The Federal Government of Nigeria has announced the suspension of a planned 15 percent Value Added Tax (VAT) on imported Premium Motor Spirit (PMS) and Automotive Gas Oil (AGO), commonly known as petrol and diesel. This decision was communicated by the Nigerian Midstream and Downstream Petroleum Regulatory Authority (NMDPRA) through its Director of Public Affairs, George Ene-Ita. The rationale behind the suspension is to stabilize domestic fuel supply and prevent price hikes in the downstream sector.

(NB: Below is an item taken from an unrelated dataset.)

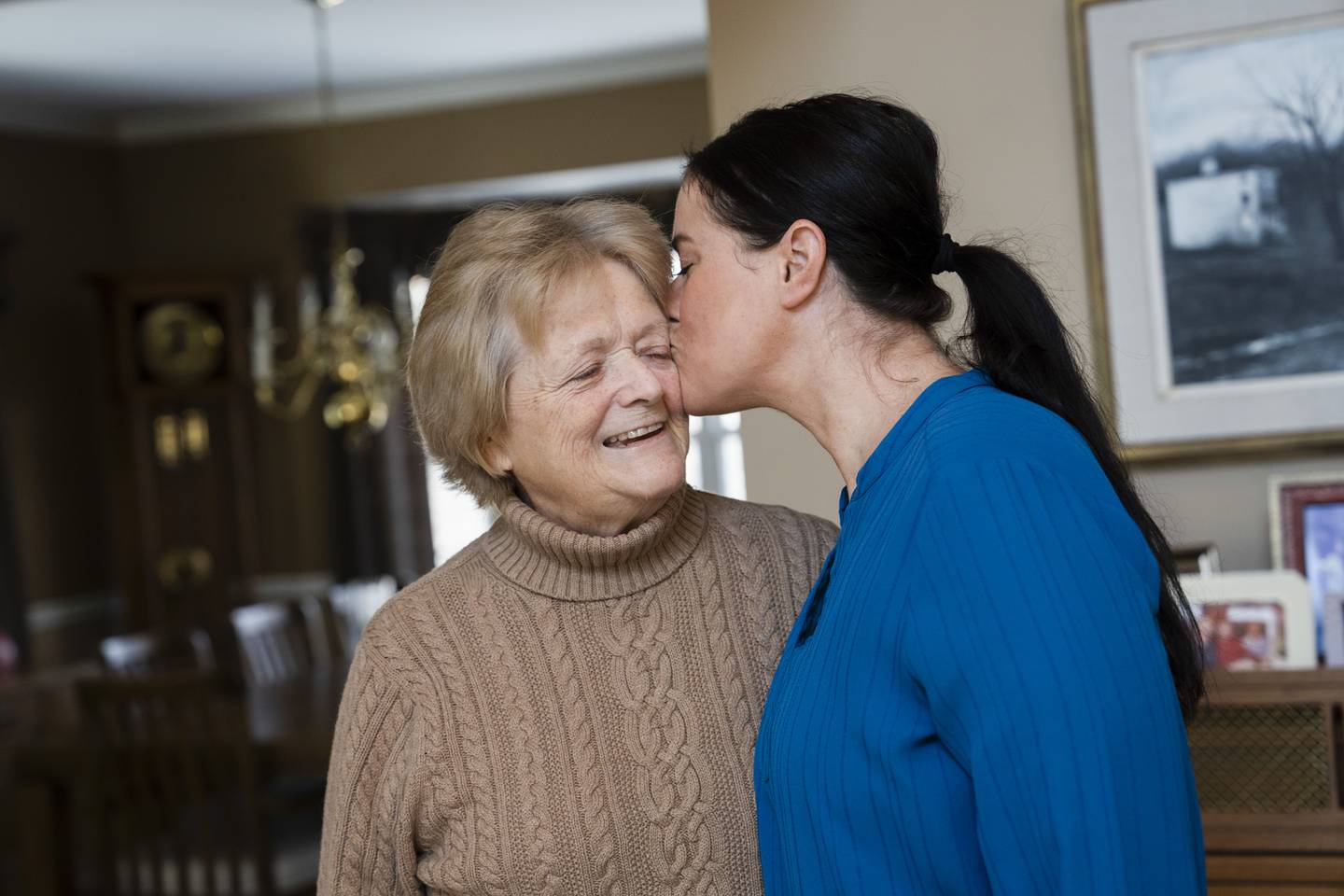 Julia Harkin needed a liver transplant and her daughter Eileen Harkin became a living donor to save her life. A little over a year later in December, she needed a kidney and Eileen gave her that too, becoming a rare two-time living donor. They are pictured recovering in Julia's Frederick home on January 22, 2024.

Ene-Ita reassured the public that there is sufficient petroleum supply from local refineries and importers, indicating that current stock levels do not necessitate fears of scarcity or price increases. As such, the implementation of the previously approved 15 percent import duty on PMS and diesel, which was set to take effect on November 21, 2025, has been put on hold.
However, this move has faced backlash from the Ogun State Chamber of Commerce, Industry, Mines and Agriculture (OGUNCCIMA). The organization argues that suspending the import duty could hinder Nigeria’s progress towards energy self-sufficiency and diminish investor confidence in the refining sector. OGUNCCIMA President Lion Niyi Oshiyemi criticized the suspension as a setback for economic reforms and a lost opportunity to support local refiners, including significant projects like the Dangote Refinery.
Oshiyemi emphasized that the 15 percent fuel import tariff was intended to promote local refining, conserve foreign exchange, and create a competitive environment for domestic producers. He warned that the reversal of this policy could send negative signals to investors who are interested in Nigeria’s energy sector. He called on the Federal Government to rethink its decision and engage with stakeholders to ensure a consistent policy direction, which is crucial for attracting and maintaining private investment.
While acknowledging the government’s concerns about potential short-term price increases, Oshiyemi argued that the long-term benefits—including job creation, foreign exchange savings, and enhanced energy security—far outweigh any temporary challenges. He stressed that sustainable industrial growth relies on stable policy frameworks, noting that frequent changes in policy can deter private sector involvement and impede long-term development.